AS menyatakan tetap terbuka menangani masalah nuklir Korut lewat jalur diplomasi. Namun, Washington hingga sejauh ini tidak menunjukkan kesediaan untuk melonggarkan sanksi terhadap Korut.
Oleh
Pascal S Bin Saju
·3 menit baca
TOKYO, SELASA — Negosiator terkemuka nuklir Jepang, Amerika Serikat, dan Korea Selatan menggelar pembicaraan di Tokyo, Jepang, Selasa (14/9/2021). Mereka merespons uji coba rudal jelajah jarak jauh Korea Utara yang oleh para ahli disebut senjata dengan kemampuan nuklir.
Pertemuan utusan nuklir tiga negara itu diadakan sehari setelah media Korea Utara (Korut) melaporkan Pyongyang berhasil menguji coba rudal jelajah jarak jauh yang terbang sejauh 1.500 kilometer ke sasaran di perairan internasional. Menurut para ahli, jarak tersebut mampu melampaui Korea Selatan (Korsel) dan Jepang.
Ketiga negara itu telah membahas cara untuk memecahkan kebuntuan perundingan dengan Korut mengenai senjata nuklir dan program rudal balistiknya. Terkait dengan program nuklirnya itu, Korut sudah lama dijatuhi sanksi internasional yang dipelopori Amerika Serikat (AS).
Meski masih di bawah sanksi, Korut menguji rudal jelajah jarak jauhnya, Sabtu dan Minggu lalu. Media-media Pemerintah Korut, Senin (13/9/2021), melaporkan, Pyongyang berhasil menguji coba ”senjata strategis yang sangat penting” di sebuah lokasi yang dirahasiakan.

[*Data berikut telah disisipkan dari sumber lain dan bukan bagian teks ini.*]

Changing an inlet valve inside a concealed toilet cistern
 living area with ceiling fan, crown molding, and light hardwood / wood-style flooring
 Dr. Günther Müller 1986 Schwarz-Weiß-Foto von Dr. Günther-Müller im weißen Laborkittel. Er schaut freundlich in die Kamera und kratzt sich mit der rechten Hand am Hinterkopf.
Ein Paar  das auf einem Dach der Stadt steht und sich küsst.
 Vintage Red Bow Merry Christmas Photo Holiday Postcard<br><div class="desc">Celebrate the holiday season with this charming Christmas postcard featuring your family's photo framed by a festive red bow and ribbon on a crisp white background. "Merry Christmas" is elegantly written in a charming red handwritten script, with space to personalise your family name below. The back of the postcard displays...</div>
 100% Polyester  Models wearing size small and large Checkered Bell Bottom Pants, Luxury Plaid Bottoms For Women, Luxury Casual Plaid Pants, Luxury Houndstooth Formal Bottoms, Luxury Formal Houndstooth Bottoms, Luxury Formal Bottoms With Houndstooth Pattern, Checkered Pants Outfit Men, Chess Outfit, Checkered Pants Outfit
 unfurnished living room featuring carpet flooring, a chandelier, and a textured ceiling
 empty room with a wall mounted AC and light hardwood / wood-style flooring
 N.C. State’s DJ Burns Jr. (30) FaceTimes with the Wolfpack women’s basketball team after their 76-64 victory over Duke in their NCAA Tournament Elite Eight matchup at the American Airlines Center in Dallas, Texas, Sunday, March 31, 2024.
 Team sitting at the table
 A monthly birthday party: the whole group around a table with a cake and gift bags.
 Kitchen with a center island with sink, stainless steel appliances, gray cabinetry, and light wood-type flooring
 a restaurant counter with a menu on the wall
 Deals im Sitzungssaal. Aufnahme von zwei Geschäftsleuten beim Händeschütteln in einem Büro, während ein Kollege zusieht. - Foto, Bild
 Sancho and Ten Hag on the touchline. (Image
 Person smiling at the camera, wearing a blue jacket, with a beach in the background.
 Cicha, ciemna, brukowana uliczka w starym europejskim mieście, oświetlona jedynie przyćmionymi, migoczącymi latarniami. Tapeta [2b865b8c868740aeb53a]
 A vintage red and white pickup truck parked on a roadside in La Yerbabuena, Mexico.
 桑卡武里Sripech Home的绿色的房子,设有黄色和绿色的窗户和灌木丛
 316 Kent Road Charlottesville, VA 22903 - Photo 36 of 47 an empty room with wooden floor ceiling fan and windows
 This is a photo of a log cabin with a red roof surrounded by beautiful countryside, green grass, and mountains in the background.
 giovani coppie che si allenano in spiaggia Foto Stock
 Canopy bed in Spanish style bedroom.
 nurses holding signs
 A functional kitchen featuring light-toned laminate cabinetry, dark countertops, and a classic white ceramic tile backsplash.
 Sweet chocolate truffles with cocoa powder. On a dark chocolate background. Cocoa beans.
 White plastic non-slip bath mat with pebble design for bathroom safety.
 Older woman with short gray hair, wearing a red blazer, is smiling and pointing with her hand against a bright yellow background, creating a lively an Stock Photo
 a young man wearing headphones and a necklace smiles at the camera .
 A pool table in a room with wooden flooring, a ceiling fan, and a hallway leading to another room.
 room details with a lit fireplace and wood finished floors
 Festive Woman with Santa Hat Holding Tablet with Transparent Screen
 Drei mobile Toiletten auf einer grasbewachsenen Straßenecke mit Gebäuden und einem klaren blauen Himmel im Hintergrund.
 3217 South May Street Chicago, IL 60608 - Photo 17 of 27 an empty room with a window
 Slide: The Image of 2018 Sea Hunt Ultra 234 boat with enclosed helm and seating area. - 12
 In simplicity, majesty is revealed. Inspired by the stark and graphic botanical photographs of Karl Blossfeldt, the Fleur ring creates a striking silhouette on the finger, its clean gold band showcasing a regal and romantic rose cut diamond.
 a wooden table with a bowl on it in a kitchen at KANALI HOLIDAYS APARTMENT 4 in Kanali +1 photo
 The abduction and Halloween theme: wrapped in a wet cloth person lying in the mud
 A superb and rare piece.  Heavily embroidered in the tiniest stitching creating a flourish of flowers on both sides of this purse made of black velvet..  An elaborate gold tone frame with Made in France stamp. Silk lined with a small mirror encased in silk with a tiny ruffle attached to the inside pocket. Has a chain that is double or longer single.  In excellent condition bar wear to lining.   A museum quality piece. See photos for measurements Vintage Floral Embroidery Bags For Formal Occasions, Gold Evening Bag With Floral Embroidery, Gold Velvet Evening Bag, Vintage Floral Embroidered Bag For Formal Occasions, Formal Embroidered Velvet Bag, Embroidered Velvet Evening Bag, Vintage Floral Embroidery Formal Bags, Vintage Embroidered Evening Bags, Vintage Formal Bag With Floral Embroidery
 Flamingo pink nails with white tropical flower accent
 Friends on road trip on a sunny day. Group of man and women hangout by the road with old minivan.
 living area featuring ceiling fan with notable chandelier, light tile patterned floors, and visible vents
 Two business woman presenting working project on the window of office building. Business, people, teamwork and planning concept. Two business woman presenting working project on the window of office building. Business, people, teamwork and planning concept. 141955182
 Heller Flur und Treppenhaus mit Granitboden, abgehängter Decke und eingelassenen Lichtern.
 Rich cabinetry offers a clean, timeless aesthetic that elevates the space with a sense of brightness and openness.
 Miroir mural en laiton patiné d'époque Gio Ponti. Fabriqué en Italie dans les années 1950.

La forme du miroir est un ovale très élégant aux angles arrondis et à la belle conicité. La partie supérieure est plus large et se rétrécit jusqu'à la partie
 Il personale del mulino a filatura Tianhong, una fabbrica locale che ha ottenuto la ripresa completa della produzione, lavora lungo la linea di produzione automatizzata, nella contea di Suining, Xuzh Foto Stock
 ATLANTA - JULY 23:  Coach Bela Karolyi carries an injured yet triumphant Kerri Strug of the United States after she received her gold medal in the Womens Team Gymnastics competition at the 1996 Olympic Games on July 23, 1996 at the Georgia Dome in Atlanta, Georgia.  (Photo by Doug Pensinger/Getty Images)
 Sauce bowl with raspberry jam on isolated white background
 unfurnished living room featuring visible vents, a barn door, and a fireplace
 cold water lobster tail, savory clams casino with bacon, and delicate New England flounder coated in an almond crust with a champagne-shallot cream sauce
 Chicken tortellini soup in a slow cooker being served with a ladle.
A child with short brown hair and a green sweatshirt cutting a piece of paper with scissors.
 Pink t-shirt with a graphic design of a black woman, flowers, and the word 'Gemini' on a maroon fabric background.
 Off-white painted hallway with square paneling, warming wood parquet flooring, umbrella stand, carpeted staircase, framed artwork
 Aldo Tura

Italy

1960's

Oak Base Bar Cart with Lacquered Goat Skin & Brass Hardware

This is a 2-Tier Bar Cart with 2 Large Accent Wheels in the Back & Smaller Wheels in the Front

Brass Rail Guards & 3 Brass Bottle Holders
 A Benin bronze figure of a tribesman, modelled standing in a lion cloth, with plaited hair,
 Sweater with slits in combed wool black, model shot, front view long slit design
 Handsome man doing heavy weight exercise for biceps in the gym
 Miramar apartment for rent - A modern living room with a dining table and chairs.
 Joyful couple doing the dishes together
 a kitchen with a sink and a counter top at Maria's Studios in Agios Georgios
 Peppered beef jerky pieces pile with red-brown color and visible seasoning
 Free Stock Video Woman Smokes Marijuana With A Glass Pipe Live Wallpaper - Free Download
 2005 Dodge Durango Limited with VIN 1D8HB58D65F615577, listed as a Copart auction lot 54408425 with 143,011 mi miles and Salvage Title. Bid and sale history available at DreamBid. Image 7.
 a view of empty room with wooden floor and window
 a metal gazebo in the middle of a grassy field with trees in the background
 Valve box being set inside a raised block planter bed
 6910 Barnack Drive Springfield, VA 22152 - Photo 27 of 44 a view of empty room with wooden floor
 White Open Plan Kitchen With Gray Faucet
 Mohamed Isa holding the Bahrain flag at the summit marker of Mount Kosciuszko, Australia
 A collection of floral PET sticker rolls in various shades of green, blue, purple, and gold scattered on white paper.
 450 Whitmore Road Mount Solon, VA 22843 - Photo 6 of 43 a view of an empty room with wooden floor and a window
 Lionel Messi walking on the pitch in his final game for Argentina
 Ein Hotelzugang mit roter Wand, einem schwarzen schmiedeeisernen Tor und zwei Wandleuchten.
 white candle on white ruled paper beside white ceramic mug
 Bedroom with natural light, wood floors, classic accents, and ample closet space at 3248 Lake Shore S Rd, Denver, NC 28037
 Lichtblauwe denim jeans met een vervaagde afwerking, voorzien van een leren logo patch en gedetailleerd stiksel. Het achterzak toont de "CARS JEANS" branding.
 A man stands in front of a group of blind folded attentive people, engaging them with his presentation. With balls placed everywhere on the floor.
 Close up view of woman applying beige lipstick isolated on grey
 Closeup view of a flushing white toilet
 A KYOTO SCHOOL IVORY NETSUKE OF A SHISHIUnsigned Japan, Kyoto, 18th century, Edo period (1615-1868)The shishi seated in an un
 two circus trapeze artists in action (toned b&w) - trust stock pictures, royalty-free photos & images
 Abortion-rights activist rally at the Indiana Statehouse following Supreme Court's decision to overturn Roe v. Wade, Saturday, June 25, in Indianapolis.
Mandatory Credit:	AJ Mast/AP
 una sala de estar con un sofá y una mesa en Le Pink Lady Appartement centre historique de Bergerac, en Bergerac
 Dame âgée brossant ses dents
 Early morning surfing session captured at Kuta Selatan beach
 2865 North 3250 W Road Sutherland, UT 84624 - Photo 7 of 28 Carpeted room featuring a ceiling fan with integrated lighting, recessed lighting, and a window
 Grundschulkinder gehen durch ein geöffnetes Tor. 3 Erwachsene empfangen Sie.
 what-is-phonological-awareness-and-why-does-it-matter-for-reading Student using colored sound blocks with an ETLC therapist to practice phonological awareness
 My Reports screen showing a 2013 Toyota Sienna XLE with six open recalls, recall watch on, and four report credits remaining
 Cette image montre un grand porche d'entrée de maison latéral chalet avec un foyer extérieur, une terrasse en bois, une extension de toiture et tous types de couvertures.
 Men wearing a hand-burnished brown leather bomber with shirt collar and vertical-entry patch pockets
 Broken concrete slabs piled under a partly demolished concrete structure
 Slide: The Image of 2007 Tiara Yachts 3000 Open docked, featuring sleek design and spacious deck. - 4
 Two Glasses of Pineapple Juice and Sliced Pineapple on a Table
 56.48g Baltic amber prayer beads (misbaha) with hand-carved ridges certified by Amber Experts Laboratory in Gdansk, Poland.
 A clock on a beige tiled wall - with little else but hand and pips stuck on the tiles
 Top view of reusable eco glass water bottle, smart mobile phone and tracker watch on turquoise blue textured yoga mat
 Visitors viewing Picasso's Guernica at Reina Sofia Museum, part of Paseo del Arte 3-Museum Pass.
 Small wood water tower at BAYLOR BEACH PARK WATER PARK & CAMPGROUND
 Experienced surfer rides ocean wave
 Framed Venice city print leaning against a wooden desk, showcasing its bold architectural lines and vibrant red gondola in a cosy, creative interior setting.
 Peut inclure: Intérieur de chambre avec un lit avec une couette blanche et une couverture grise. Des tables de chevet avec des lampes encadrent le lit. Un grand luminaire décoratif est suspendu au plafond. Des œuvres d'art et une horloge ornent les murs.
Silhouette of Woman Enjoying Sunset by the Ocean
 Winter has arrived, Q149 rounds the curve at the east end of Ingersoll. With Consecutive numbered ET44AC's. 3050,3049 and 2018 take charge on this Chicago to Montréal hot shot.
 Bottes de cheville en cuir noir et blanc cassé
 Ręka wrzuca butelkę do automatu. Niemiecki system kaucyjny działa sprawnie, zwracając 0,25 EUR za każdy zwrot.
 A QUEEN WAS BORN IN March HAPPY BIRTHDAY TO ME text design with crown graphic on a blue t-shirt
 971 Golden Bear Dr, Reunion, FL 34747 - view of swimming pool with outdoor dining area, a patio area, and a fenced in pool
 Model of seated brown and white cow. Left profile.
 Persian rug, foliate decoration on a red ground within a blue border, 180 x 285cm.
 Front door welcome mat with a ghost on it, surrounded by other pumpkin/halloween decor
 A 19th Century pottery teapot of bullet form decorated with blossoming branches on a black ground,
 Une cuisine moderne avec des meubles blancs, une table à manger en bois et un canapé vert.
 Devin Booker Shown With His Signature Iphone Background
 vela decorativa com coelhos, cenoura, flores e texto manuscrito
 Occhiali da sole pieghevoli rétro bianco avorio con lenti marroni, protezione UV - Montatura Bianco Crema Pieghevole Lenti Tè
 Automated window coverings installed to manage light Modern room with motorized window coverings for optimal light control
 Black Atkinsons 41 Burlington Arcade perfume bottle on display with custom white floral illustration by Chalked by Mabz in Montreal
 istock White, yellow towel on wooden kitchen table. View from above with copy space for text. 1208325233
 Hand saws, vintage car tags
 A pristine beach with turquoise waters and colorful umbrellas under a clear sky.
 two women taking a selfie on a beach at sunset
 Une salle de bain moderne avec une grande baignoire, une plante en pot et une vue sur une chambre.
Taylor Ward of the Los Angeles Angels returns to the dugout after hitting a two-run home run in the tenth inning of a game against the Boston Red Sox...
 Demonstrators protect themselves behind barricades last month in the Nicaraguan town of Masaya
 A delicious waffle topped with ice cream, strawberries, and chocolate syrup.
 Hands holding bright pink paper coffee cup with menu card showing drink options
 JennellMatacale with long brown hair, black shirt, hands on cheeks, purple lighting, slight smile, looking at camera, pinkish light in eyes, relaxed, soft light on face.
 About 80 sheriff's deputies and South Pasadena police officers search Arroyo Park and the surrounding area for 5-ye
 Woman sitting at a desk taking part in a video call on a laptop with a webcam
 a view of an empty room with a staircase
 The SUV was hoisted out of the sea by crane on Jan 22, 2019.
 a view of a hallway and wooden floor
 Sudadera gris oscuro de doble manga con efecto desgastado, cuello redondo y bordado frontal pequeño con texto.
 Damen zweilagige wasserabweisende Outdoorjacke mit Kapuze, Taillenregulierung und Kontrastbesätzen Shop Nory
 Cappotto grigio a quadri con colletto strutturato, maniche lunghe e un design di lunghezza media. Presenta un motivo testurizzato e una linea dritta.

Pengamat memperkirakan rudal-rudal jelajah jarak jauh Korut adalah senjata pertama Korut pada jenis itu dengan kemampuan nuklir. Kantor berita resmi negara itu, KCNA, sebelumnya mengatakan, rudal mencapai target di perairan internasional. Namun, para pakar menyebutkan, uji coba rudal Korut tersebut mengganggu negara-negara tetangga di kawasan.
”Perkembangan terbaru di DPRK adalah pengingat akan pentingnya komunikasi dan kerja sama yang erat dari ketiga negara,” kata Sung Kim, Utusan Khusus AS untuk Korea Utara, dalam sambutan pembukaannya, menyebut Republik Rakyat Demokratik Korea (DPRK), nama resmi Korut.
Dalam pertemuan dengan dua mitranya, Takehiro Funakoshi dari Jepang dan Noh Kyu-duk dari Korsel, Kim mengatakan, Washington tetap terbuka menangani masalah nuklir Korut lewat jalur diplomasi. Mereka sepakat bahwa ”dialog dan diplomasi sangat mendesak untuk menyelesaikan denuklirisasi lengkap di semenanjung Korea”, kata pernyataan Kemenlu Korsel.
Meski tidak didefinisikan dengan jelas, denuklirisasi telah menjadi tujuan sejak Presiden ke-45 AS Donald Trump dan Presiden Korsel Moon Jae-in bertemu Pemimpin Korut Kim Jong-Un pada 2018. Namun, Korsel dan AS juga membahas cara untuk melibatkan Pyongyang, termasuk kemungkinan proyek kemanusiaan bersama di Korut, seperti disampaikan Kemenlu Korsel, tanpa merinci.
Pemerintahan Presiden AS Joe Biden mengatakan, Washington tetap siap untuk terlibat dengan Pyongyang meski uji coba rudal jelajah jarak jauh tersebut sangat disesalkan. Namun, Washington hingga sejauh ini tidak menunjukkan kesediaan untuk melonggarkan sanksi terhadap Korut.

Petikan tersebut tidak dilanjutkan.